=== Exercise description ===
Return each line of the records holding the string "Lake".
─── Exercise data ───
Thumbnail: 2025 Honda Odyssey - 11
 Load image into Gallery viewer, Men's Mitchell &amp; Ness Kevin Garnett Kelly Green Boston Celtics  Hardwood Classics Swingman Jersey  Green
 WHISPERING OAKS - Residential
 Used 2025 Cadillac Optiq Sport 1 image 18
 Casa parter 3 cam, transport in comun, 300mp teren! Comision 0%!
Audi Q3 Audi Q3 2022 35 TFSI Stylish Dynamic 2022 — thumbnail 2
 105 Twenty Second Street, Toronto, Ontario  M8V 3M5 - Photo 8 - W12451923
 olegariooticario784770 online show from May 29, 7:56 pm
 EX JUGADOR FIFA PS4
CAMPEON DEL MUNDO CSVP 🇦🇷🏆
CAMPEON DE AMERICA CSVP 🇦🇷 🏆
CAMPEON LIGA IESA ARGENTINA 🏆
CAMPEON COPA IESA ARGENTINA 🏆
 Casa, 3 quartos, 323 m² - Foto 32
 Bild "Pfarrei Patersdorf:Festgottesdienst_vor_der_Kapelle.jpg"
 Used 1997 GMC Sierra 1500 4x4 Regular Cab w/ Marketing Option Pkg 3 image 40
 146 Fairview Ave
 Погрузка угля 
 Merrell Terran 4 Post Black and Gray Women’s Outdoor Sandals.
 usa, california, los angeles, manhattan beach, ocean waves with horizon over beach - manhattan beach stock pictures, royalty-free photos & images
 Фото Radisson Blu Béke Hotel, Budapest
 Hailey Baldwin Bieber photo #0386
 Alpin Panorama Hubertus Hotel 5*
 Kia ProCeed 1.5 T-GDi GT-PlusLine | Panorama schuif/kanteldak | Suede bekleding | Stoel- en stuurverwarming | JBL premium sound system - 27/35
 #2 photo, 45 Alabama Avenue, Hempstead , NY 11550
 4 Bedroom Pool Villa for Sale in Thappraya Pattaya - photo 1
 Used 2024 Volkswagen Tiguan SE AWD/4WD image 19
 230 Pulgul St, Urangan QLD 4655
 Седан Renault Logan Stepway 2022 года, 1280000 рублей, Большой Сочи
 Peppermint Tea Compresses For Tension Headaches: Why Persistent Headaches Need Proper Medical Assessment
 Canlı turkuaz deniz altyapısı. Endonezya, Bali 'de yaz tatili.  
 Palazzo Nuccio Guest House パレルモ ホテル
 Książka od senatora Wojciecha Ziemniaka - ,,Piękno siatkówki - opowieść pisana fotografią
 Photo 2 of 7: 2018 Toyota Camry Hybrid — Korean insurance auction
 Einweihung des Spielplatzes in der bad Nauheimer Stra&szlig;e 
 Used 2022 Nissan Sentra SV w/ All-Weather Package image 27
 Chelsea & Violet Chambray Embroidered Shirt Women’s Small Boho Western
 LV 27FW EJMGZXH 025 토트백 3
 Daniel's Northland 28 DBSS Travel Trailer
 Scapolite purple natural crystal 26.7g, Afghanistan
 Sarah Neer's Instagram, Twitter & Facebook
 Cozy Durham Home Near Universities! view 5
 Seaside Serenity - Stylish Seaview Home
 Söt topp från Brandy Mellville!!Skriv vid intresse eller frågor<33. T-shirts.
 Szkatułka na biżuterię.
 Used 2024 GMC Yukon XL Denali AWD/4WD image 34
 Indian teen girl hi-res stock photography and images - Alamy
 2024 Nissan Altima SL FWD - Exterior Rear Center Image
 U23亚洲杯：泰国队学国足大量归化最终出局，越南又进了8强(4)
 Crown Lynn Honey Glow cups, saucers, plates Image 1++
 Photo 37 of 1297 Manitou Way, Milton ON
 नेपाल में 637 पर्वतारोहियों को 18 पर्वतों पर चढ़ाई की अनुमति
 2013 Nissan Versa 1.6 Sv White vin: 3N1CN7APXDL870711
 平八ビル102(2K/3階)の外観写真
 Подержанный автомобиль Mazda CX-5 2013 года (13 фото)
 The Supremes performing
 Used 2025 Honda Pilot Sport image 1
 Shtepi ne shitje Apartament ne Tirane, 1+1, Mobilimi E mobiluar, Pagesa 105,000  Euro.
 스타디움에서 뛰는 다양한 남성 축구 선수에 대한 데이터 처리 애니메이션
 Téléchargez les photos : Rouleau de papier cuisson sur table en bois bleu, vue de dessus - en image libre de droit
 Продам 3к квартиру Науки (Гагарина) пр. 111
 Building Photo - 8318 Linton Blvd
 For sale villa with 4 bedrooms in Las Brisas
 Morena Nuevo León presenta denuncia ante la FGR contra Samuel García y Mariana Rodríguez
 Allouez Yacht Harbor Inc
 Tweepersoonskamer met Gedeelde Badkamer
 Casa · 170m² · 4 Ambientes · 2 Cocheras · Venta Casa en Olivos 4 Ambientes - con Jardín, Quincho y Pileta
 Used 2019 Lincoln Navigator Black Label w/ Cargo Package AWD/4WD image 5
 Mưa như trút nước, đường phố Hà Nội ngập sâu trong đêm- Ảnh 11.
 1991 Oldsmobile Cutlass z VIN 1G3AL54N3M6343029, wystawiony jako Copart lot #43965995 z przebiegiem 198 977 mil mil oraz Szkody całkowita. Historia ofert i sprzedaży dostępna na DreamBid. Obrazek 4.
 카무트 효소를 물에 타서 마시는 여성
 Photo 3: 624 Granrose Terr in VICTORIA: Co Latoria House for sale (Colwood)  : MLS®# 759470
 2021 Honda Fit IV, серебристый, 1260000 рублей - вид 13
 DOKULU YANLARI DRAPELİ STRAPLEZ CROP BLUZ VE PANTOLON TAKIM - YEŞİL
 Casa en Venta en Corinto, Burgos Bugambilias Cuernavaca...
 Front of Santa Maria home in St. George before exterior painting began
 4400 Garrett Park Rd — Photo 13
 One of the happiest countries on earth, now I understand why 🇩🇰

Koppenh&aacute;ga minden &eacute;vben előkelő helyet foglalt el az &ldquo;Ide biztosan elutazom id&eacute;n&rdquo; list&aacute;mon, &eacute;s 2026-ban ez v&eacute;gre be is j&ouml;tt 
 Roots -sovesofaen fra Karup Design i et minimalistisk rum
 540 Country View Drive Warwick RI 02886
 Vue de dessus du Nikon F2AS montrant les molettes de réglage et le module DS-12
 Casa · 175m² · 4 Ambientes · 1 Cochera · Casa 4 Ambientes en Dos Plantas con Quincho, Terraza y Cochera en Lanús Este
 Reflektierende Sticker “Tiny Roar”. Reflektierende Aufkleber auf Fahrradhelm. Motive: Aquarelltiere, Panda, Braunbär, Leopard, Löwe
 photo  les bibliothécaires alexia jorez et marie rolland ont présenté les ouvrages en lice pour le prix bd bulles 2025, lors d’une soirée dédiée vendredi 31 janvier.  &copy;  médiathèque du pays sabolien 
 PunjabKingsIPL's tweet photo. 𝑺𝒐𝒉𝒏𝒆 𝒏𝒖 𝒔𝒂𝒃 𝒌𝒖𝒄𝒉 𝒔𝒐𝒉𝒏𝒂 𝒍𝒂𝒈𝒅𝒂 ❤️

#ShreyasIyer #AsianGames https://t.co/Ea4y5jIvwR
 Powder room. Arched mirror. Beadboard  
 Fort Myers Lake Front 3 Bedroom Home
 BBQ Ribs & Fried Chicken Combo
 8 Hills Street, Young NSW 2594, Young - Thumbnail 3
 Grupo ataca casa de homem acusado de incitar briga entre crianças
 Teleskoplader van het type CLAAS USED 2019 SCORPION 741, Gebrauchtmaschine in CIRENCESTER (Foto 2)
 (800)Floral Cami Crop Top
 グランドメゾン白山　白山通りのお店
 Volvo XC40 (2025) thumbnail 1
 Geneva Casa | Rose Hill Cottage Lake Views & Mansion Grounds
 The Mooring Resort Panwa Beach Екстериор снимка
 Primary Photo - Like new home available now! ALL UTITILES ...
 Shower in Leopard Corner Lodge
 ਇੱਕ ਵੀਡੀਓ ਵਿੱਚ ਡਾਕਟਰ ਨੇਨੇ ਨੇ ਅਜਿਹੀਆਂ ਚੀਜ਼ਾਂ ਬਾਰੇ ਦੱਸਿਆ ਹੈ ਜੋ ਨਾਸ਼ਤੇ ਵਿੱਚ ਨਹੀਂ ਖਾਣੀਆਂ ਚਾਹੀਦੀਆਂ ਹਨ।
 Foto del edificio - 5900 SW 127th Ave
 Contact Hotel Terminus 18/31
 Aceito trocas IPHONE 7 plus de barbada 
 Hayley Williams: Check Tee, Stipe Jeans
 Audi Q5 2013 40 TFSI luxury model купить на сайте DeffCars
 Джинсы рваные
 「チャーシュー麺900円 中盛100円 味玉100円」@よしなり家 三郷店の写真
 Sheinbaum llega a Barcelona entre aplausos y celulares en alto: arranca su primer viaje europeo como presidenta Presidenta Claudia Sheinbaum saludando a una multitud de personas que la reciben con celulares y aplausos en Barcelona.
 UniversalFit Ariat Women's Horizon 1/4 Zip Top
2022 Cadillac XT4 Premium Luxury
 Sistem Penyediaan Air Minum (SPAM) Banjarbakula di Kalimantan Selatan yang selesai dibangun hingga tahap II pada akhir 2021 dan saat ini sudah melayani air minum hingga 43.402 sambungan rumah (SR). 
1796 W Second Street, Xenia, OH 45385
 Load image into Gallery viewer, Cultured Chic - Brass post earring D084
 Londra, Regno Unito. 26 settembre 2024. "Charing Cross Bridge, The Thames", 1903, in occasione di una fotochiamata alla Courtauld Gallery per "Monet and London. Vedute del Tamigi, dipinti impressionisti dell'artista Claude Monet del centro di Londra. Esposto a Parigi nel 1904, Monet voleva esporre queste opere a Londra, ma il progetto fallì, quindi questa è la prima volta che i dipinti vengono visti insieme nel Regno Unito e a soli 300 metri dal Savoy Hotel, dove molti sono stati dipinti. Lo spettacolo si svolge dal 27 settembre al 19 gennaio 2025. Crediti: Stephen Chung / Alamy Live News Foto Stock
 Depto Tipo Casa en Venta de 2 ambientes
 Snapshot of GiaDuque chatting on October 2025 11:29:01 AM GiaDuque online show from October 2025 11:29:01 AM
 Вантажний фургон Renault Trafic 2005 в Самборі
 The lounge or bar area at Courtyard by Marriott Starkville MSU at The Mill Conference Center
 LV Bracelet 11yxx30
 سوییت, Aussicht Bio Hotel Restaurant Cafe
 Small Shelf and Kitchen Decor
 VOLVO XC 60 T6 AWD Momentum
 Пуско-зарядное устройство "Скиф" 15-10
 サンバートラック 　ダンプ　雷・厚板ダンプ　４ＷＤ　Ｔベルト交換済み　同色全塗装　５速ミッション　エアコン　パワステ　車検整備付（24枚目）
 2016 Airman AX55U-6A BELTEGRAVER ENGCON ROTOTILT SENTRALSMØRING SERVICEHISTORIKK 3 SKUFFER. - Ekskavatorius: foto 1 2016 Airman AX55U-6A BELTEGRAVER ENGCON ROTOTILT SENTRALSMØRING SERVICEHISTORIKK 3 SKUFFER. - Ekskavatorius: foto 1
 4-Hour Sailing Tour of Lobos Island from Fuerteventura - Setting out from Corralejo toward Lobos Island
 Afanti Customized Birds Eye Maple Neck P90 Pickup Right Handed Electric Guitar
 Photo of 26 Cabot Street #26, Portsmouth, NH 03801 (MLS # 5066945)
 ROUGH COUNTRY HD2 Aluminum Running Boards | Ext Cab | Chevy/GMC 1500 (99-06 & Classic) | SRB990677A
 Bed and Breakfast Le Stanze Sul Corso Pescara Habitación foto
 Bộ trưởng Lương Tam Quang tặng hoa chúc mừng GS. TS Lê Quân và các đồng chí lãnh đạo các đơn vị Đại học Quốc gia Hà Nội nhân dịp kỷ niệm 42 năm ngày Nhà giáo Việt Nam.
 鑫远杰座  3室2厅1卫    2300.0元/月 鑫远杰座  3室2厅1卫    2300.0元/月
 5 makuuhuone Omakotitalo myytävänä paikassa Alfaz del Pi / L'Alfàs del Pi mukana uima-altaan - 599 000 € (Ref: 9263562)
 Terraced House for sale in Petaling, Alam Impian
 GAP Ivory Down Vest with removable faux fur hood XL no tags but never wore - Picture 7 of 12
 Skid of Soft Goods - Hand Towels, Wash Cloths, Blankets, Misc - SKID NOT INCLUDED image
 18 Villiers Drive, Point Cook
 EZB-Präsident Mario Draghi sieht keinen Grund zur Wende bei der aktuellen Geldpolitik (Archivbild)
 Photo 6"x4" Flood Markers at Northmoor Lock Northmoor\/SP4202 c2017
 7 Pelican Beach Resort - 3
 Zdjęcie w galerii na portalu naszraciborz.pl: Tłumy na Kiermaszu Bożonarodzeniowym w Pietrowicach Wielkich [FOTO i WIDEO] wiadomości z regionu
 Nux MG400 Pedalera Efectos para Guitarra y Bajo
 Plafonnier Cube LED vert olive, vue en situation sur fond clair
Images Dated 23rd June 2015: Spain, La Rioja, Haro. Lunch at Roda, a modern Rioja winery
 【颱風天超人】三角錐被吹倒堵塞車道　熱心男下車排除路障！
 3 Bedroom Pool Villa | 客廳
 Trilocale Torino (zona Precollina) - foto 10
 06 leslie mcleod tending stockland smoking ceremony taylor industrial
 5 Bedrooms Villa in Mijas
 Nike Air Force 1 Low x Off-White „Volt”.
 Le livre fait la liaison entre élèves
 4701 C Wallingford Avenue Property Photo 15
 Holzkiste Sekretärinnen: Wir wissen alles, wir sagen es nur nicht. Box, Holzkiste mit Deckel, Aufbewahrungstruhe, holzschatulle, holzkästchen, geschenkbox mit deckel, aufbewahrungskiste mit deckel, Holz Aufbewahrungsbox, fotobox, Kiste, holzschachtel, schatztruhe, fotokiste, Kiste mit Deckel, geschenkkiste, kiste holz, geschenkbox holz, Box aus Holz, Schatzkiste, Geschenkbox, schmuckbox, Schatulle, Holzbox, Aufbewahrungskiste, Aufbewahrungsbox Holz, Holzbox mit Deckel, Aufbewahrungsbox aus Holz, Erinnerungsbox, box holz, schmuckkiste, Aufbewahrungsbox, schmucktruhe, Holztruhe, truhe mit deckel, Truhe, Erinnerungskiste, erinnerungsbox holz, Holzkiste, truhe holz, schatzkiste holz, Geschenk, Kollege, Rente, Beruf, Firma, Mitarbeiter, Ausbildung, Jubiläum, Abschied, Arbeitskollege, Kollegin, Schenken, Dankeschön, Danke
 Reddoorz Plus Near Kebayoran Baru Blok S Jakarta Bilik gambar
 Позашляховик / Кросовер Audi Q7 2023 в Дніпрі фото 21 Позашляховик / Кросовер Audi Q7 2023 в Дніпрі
───
=== Expected answer ===
 Fort Myers Lake Front 3 Bedroom Home
 Geneva Casa | Rose Hill Cottage Lake Views & Mansion Grounds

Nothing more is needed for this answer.